Article Summary "A Framework for understanding whiteness in mathematics education" By Battey & Leyva

At first, I thought that this article only uses Critical Race Theory (CRT) because it mentions race a lot. For example, on page 51, Battey & Leyva wrote "thus, whiteness is a foundational concept for racism. Whiteness creates an ideal race, with which to devalue and then oppress other racial groups". In addition, Battey & Leyva cites the question of Haney-Lopez (2006) on page 53 that race is only about two things, namely black and white, other groups such as Jews, Native Americans, Asians, and Latinos are more difficult to classify in the racial hierarchy in America. Union. The original sentence of the quote from Haney-Lopez (2006) is as follows, "While many in the United States conceptualize race as a Black/White binary, groups such as Jews, Native Americans, Asians, and Latin's have proved more difficult to classify in the racial hierarchy within the US context".

Dan Battey

However, on page 60, Battey & Leyva cites the opinion of Acker (2000) which states that gender can influence race through processes and actions to continue injustice on the broader society. The editorial of the sentence outlined by Battey & Leyva is "Acker (2000) used work on gender to examine how organizational logic impacts intersections with race and class through processes, actions, and meanings, maintaining inequities within a broader society". Battey & Leyva strengthen feminist theory with the findings of Acker (1990) and Moore (2008), namely "The labor level draws on both Acker's and Moore's work as well. Acker (1990) discussed how gendered forms of interaction place more of an emotional burden on women that they must bear in the workplace. In extending this work, Moore (2008) connected this emotional labor to African Americans' burden due to whiteness. This emotional labor comes in the form of regulating dissatisfaction, frustration, and anger due to being subjected to deficit views, racial slights, and forced compliance". Thus, in this article, Battey & Leyva also use feminist theory as an adjunct to CRT.

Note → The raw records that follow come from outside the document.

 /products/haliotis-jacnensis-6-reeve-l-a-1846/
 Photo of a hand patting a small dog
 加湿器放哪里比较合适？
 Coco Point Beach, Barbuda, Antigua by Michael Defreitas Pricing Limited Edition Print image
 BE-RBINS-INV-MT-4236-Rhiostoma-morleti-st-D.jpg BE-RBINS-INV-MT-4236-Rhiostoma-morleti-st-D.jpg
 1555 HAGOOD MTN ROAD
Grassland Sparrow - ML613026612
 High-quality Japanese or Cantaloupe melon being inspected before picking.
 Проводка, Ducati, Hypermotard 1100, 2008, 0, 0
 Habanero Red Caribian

More clearly, this article explains about whiteness study. This can be seen in the title of the article which mentions "understanding whiteness". In addition, there are 178 whiteness words that the author uses in this article. On page 51, Battey & Leyva cites Kivel's (2011) statement that "racism is based on the concept of whiteness - a powerful fiction enforced by power and violence". This whiteness study is also essential to discuss in the concept of mathematics education because it affects students' lives, both inside and outside the classroom. Often African-American students are considered less capable of understanding mathematics than white students. The editorial of the sentence used in expressing discrimination of African-American students in mathematics class is on page 53, namely "these frames serve to position African American students as deficient and as needing to "live up," so to speak, to white norms of behavior and achievement".

white face mask

Students should gain knowledge without being differentiated by race, as stated by Martin (2013), namely "...the assertion of knowledge production as neutral and impartial, unconnected to power relations". However, the reality is that African-American students have experienced injustice in teaching and learning activities. Knowledge back then was acquired based on race. White students benefit from white supremacy as stated by Battey & Leyva on page 50 namely "while white privilege refers to benefits from racism in favor of whites, white supremacy is the systemic maintenance of the dominant position that produces white privilege".

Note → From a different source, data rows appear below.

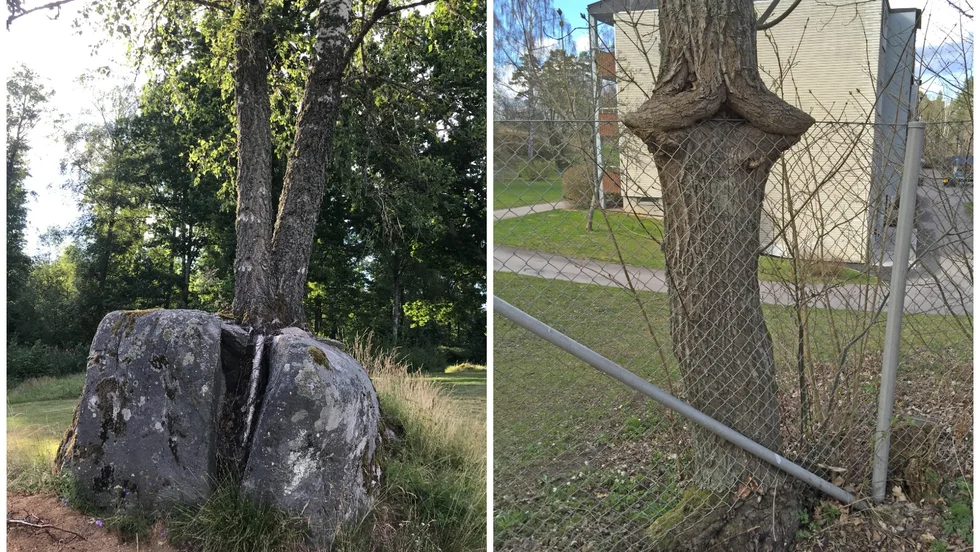 En björk som växer ur en sten på Emmaboda golfklubb valdes ut som Smålands knasigaste, ett träd i ett staket i Boxholm, blev Östergötlands motsvarighet.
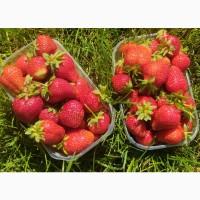 Продам полуницю з поля Полтавська обл
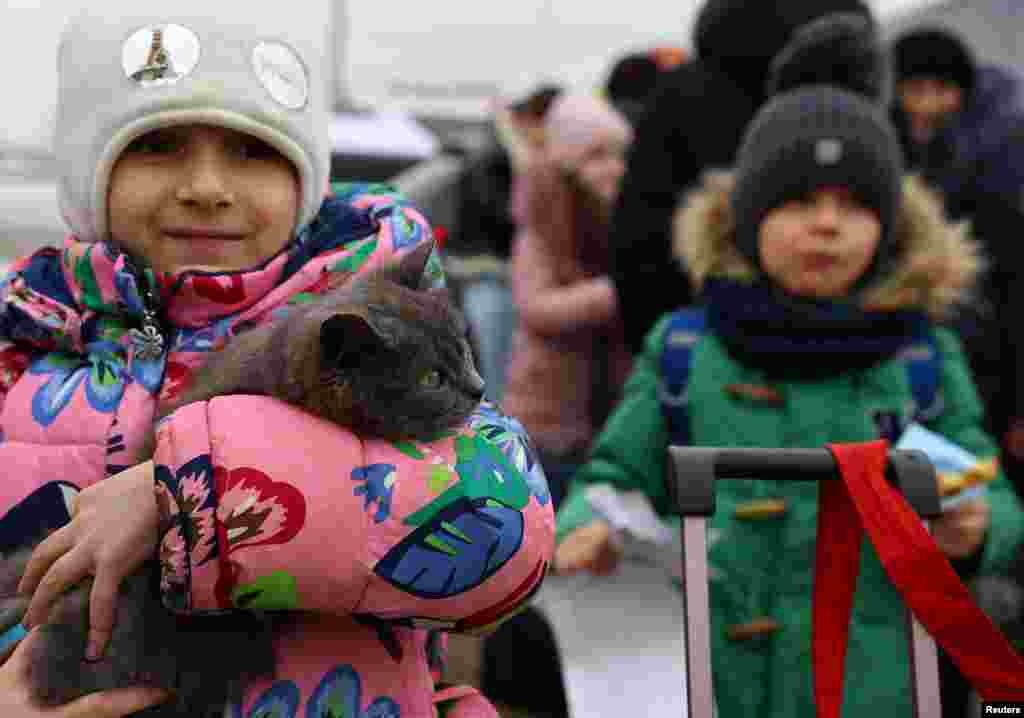 Українська дівчина, яка втекла з матір&#39;ю від російського вторгнення в Україну, тримає свого кота в очікуванні переведення у тимчасовий табір у Перемишлі, Польща, 2 березня 2022 року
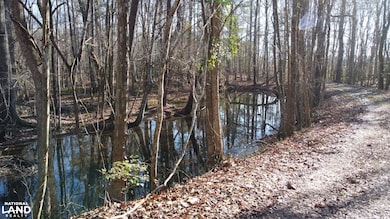 217 Wadboo Plantation Rd, Saint Stephen, SC 29479 - photo 4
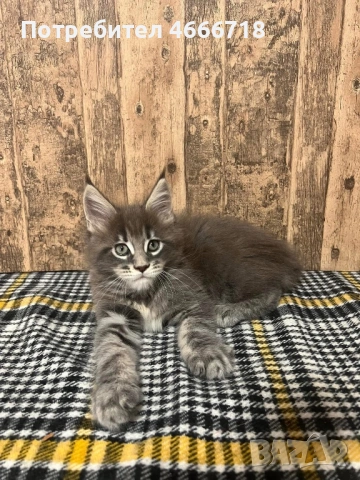 Мейн куун женско, снимка 4 - Мейн кун - 53030280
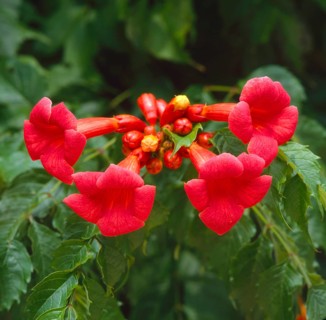 Climbing plant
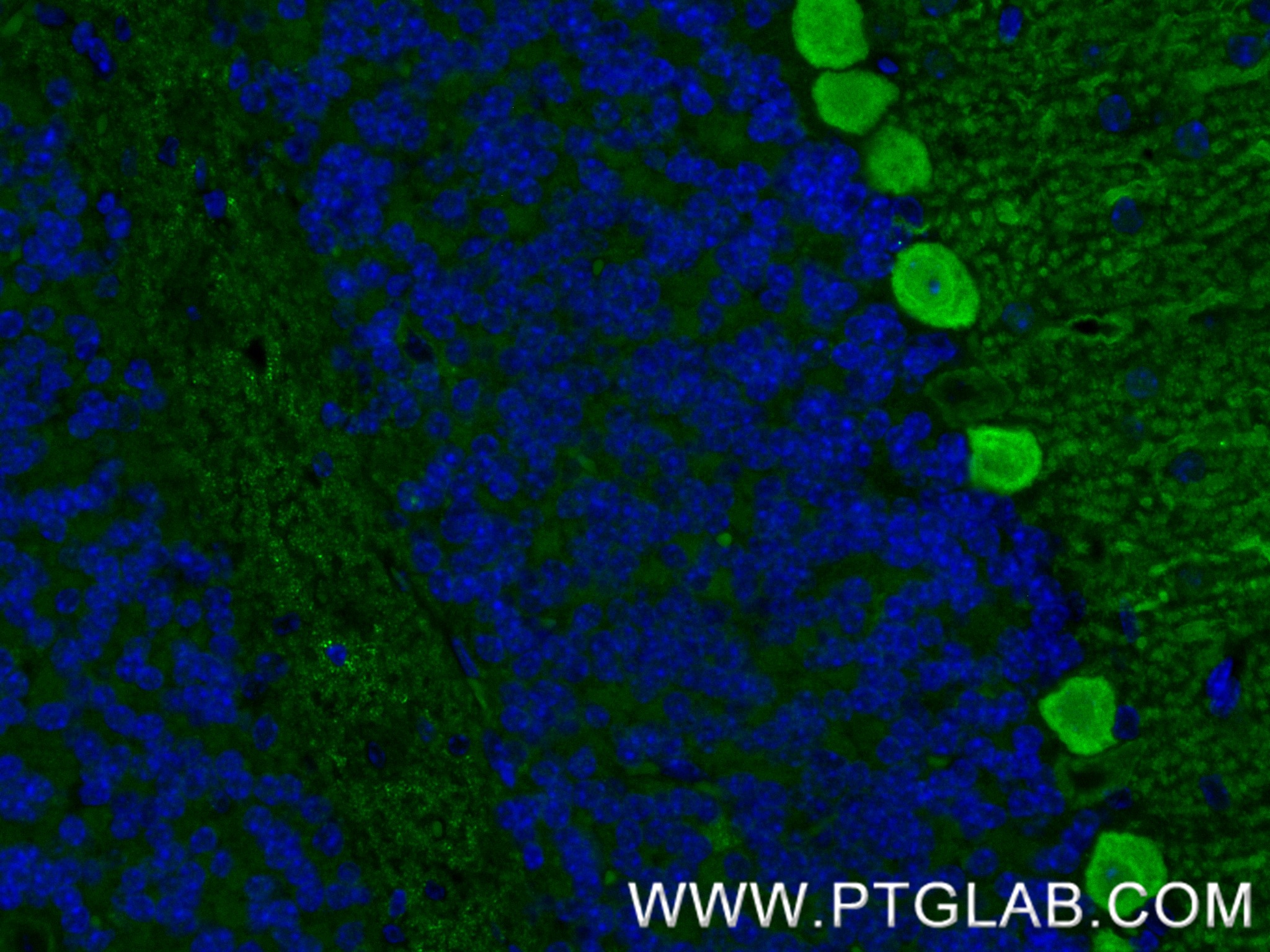 IF Staining of mouse cerebellum using 88102-1-RR (same clone as 88102-1-PBS) IF Staining of mouse cerebellum using 88102-1-RR (same clone as 88102-1-PBS)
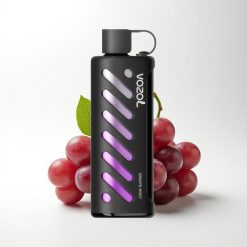 VOZOL Gear Shisha 25000 Puffs Grape Mint Dual Mesh 1000mAh
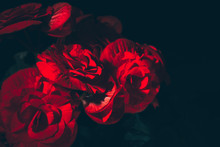 Floral Dark Moody Background With Red Flowers,space For Text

Teaching and learning activities should not discriminate against race. However, in reality, in every domain, black students are considered less capable of learning mathematics. On page 67, Battey & Leyva quotes Ladson-Billings (1997) and Lubienski (2002), "The literature on African American and Latin students is replete with classroom settings that only ask students to replicate procedures, follow worksheets page by page, and that lack the opportunity to engage in cognitive depth". African-American students were given only simple assignments and only given orders to replicate according to procedures without involving a profound cognitive realm. The emotional realm of students also influences the low cognitive ability of students. On page 69, Battey & Leyva reveals that "this emotional labor is connected to slowing students' cognitive mathematical engagement as well". The discrimination experienced by students every day makes negative feelings such as sadness, frustration, and anger increase. In teaching, both in mathematics and other subjects, there should be no racial discrimination. Students whether white, African-American, Latino, Asian deserve equal equality in education.

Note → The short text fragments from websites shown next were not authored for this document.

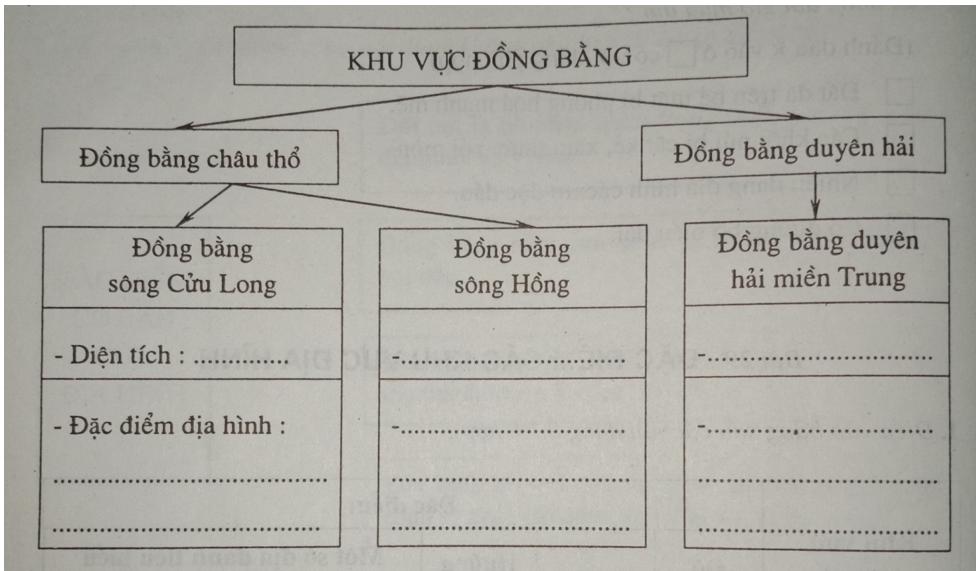 Giải vở bài tập Địa Lý 8 bài 29: Đặc điểm các khu vực địa hình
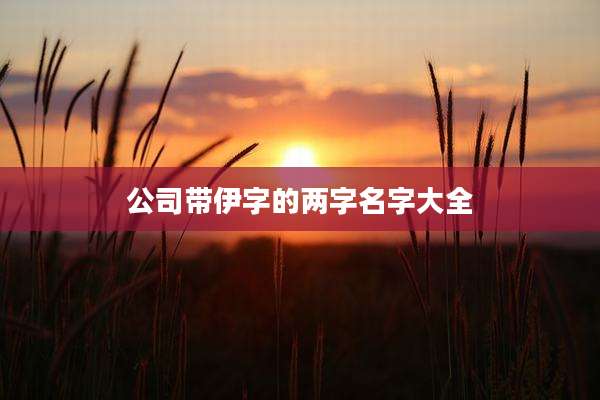 公司带伊字的两字名字大全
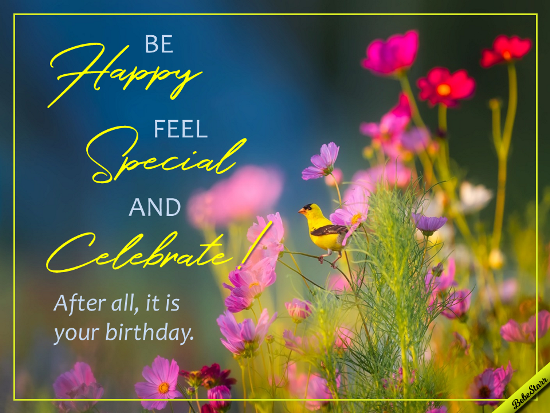 feel-special-free-happy-birthday-messages-ecards-greeting-cards-123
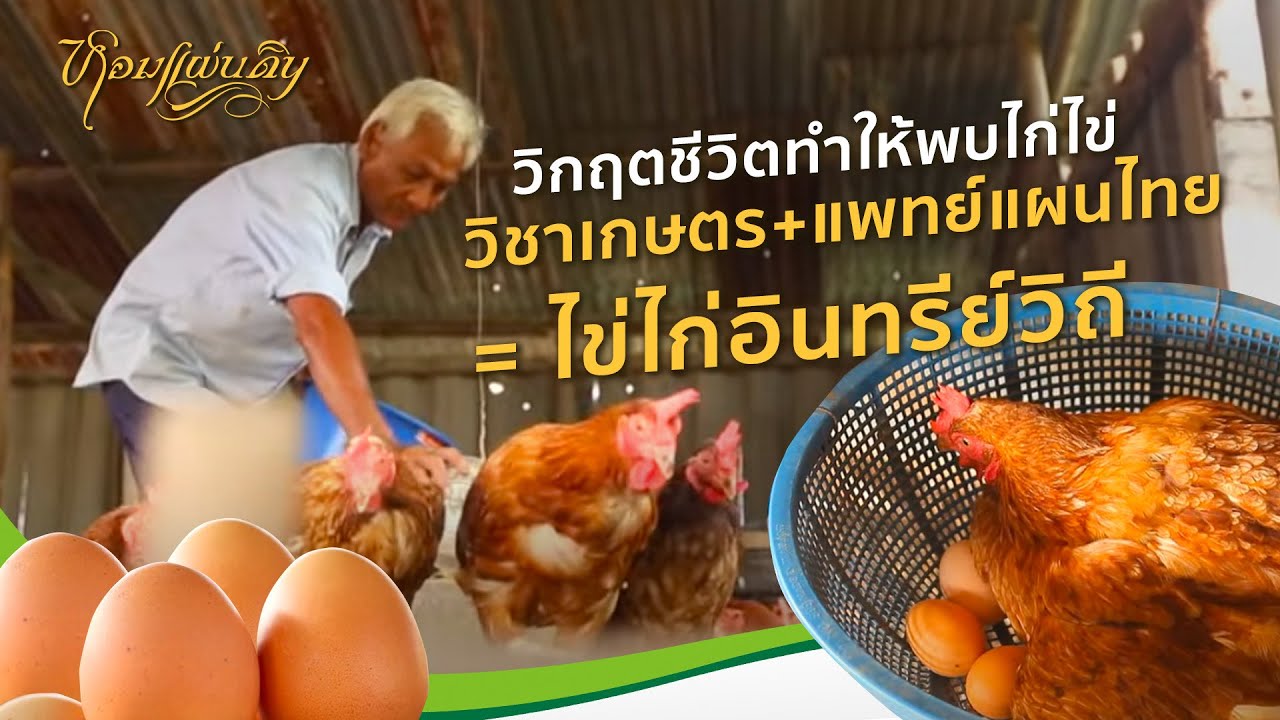 หอมแผ่นดิน ตอน ไข่ฟื้นชีวิต | วิกฤตชีวิตทำให้ได้เลี้ยงไก่ วิชาเกษตรบวกแพทย์แผนไทยได้ไข่ไก่อินทรีย์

One of the aims of this article is to provide a framework for understanding white supremacy, especially in mathematics education, through ideology, physical space, interaction, and student resistance (Battey & Leyva, 2016, p. 76). The data was obtained from previous articles and books for later analysis by the author. In other words, the author uses a literature study. The conclusion from this literature review is "there is a danger in re-centering whiteness". Students should be treated fairly in math classes, regardless of race.


Battey, D., & Leyva, L. A. (2016). A Framework for Understanding Whiteness in Mathematics Education. Journal of Urban Mathematics Education9(2), 49-80.